• [PROBLEM DETAILS]:
Set down the data that follows again, exactly as written.

━━━━━ AVAILABLE RECORDS ━━━━━

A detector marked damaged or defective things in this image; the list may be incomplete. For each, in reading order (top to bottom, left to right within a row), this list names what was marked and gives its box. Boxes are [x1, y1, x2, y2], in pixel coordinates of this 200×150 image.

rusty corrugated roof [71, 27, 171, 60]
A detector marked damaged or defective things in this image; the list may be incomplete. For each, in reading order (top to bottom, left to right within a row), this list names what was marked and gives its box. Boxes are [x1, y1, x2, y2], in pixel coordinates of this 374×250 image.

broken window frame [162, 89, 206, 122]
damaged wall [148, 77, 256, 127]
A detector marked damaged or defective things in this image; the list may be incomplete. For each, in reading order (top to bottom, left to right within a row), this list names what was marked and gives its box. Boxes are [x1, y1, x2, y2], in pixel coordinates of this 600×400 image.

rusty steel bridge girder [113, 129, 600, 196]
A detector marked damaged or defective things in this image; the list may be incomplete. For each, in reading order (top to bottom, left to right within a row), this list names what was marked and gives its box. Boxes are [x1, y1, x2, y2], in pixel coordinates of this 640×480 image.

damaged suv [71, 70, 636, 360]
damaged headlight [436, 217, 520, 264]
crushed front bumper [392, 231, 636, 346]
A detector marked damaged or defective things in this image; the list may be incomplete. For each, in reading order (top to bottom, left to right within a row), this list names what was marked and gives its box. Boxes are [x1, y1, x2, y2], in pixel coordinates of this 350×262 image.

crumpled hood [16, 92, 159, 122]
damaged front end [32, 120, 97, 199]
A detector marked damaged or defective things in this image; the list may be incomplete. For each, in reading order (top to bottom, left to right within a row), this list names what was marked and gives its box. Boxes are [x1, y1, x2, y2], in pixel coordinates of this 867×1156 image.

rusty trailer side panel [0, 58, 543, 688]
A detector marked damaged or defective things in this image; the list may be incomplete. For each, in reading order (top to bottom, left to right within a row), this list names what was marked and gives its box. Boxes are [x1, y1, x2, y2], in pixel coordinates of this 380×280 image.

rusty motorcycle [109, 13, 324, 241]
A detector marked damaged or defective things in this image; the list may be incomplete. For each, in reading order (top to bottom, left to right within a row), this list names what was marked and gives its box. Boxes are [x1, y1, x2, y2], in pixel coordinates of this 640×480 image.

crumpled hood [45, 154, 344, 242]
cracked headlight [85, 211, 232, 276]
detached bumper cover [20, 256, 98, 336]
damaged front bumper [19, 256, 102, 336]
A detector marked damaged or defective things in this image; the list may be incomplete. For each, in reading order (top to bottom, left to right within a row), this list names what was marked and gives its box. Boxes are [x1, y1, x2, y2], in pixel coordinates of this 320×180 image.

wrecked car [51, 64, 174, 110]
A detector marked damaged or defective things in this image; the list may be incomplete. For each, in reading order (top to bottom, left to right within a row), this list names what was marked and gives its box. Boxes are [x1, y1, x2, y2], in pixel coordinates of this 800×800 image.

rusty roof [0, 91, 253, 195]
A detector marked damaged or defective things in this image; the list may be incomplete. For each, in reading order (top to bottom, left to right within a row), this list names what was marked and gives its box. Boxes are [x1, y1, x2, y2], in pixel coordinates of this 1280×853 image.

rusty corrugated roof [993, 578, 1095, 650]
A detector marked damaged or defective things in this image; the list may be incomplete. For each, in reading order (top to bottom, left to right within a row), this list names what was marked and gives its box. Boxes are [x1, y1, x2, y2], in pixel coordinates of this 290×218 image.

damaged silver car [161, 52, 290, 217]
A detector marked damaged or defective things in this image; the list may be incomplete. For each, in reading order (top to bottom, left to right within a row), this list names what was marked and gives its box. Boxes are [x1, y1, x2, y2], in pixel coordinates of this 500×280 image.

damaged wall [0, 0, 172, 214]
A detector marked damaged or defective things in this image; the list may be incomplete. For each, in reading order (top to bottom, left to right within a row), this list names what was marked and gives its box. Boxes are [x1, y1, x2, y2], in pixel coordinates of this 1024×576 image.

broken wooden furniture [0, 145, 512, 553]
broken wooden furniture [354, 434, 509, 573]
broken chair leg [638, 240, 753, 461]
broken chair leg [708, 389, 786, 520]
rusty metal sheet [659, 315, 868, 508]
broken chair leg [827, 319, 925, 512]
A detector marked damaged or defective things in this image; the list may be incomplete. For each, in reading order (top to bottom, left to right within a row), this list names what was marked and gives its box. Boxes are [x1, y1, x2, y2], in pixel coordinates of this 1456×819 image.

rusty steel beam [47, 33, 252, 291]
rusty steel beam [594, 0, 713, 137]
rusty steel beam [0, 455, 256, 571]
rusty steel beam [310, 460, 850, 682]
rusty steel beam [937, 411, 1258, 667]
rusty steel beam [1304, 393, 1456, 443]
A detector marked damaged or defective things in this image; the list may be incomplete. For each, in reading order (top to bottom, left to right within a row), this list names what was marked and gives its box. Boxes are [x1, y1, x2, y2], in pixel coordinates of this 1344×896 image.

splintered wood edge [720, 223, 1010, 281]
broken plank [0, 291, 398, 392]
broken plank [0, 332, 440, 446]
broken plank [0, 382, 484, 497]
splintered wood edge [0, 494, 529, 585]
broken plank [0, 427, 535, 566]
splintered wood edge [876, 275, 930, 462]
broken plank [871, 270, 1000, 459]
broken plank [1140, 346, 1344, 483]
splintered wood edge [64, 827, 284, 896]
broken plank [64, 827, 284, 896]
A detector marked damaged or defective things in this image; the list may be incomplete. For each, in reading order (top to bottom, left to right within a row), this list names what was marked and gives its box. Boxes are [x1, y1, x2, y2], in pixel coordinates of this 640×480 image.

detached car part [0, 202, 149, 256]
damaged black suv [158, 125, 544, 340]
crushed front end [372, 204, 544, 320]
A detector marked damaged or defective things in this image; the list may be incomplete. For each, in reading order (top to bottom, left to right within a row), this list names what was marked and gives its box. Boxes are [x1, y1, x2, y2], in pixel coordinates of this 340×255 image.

━━━━━

• [ANSWER FOR THE TASK]:
A detector marked damaged or defective things in this image; the list may be incomplete. For each, in reading order (top to bottom, left to right within a row), this list names what was marked and gives its box. Boxes are [x1, y1, x2, y2], in pixel coordinates of this 200×150 image.

rusty corrugated roof [71, 27, 171, 60]
A detector marked damaged or defective things in this image; the list may be incomplete. For each, in reading order (top to bottom, left to right within a row), this list names what was marked and gives its box. Boxes are [x1, y1, x2, y2], in pixel coordinates of this 374×250 image.

broken window frame [162, 89, 206, 122]
damaged wall [148, 77, 256, 127]
A detector marked damaged or defective things in this image; the list may be incomplete. For each, in reading order (top to bottom, left to right within a row), this list names what was marked and gives its box. Boxes are [x1, y1, x2, y2], in pixel coordinates of this 600×400 image.

rusty steel bridge girder [113, 129, 600, 196]
A detector marked damaged or defective things in this image; the list may be incomplete. For each, in reading order (top to bottom, left to right within a row), this list names what was marked and gives its box. Boxes are [x1, y1, x2, y2], in pixel coordinates of this 640×480 image.

damaged suv [71, 70, 636, 360]
damaged headlight [436, 217, 520, 264]
crushed front bumper [392, 231, 636, 346]
A detector marked damaged or defective things in this image; the list may be incomplete. For each, in reading order (top to bottom, left to right within a row), this list names what was marked and gives its box. Boxes are [x1, y1, x2, y2], in pixel coordinates of this 350×262 image.

crumpled hood [16, 92, 159, 122]
damaged front end [32, 120, 97, 199]
A detector marked damaged or defective things in this image; the list may be incomplete. For each, in reading order (top to bottom, left to right within a row), this list names what was marked and gives its box. Boxes are [x1, y1, x2, y2], in pixel coordinates of this 867×1156 image.

rusty trailer side panel [0, 58, 543, 688]
A detector marked damaged or defective things in this image; the list may be incomplete. For each, in reading order (top to bottom, left to right within a row), this list names what was marked and gives its box. Boxes are [x1, y1, x2, y2], in pixel coordinates of this 380×280 image.

rusty motorcycle [109, 13, 324, 241]
A detector marked damaged or defective things in this image; the list may be incomplete. For each, in reading order (top to bottom, left to right within a row), this list names what was marked and gives its box. Boxes are [x1, y1, x2, y2], in pixel coordinates of this 640×480 image.

crumpled hood [45, 154, 344, 242]
cracked headlight [85, 211, 232, 276]
detached bumper cover [20, 256, 98, 336]
damaged front bumper [19, 256, 102, 336]
A detector marked damaged or defective things in this image; the list may be incomplete. For each, in reading order (top to bottom, left to right within a row), this list names what was marked and gives its box. Boxes are [x1, y1, x2, y2], in pixel coordinates of this 320×180 image.

wrecked car [51, 64, 174, 110]
A detector marked damaged or defective things in this image; the list may be incomplete. For each, in reading order (top to bottom, left to right within a row), this list names what was marked and gives its box. Boxes are [x1, y1, x2, y2], in pixel coordinates of this 800×800 image.

rusty roof [0, 91, 253, 195]
A detector marked damaged or defective things in this image; the list may be incomplete. For each, in reading order (top to bottom, left to right within a row), this list names what was marked and gives its box. Boxes are [x1, y1, x2, y2], in pixel coordinates of this 1280×853 image.

rusty corrugated roof [993, 578, 1095, 650]
A detector marked damaged or defective things in this image; the list may be incomplete. For each, in reading order (top to bottom, left to right within a row), this list names what was marked and gives its box. Boxes are [x1, y1, x2, y2], in pixel coordinates of this 290×218 image.

damaged silver car [161, 52, 290, 217]
A detector marked damaged or defective things in this image; the list may be incomplete. For each, in reading order (top to bottom, left to right within a row), this list names what was marked and gives its box. Boxes are [x1, y1, x2, y2], in pixel coordinates of this 500×280 image.

damaged wall [0, 0, 172, 214]
A detector marked damaged or defective things in this image; the list may be incomplete. For each, in reading order (top to bottom, left to right within a row), this list names what was marked and gives its box. Boxes are [x1, y1, x2, y2], in pixel coordinates of this 1024×576 image.

broken wooden furniture [0, 145, 512, 553]
broken wooden furniture [354, 434, 509, 573]
broken chair leg [638, 240, 753, 461]
broken chair leg [708, 389, 786, 520]
rusty metal sheet [659, 315, 868, 508]
broken chair leg [827, 319, 925, 512]
A detector marked damaged or defective things in this image; the list may be incomplete. For each, in reading order (top to bottom, left to right within a row), this list names what was marked and gives its box. Boxes are [x1, y1, x2, y2], in pixel coordinates of this 1456×819 image.

rusty steel beam [47, 33, 252, 291]
rusty steel beam [594, 0, 713, 137]
rusty steel beam [0, 455, 256, 571]
rusty steel beam [310, 460, 850, 682]
rusty steel beam [937, 411, 1258, 667]
rusty steel beam [1304, 393, 1456, 443]
A detector marked damaged or defective things in this image; the list may be incomplete. For each, in reading order (top to bottom, left to right within a row), this list names what was marked and gives its box. Boxes are [x1, y1, x2, y2], in pixel coordinates of this 1344×896 image.

splintered wood edge [720, 223, 1010, 281]
broken plank [0, 291, 398, 392]
broken plank [0, 332, 440, 446]
broken plank [0, 382, 484, 497]
splintered wood edge [0, 494, 529, 585]
broken plank [0, 427, 535, 566]
splintered wood edge [876, 275, 930, 462]
broken plank [871, 270, 1000, 459]
broken plank [1140, 346, 1344, 483]
splintered wood edge [64, 827, 284, 896]
broken plank [64, 827, 284, 896]
A detector marked damaged or defective things in this image; the list may be incomplete. For each, in reading order (top to bottom, left to right within a row), this list names what was marked and gives its box. Boxes are [x1, y1, x2, y2], in pixel coordinates of this 640×480 image.

detached car part [0, 202, 149, 256]
damaged black suv [158, 125, 544, 340]
crushed front end [372, 204, 544, 320]
A detector marked damaged or defective things in this image; the list may be incomplete. For each, in reading order (top to bottom, left to right within a row), this list names what was marked and gives its box. Boxes are [x1, y1, x2, y2], in pixel coordinates of this 340×255 image.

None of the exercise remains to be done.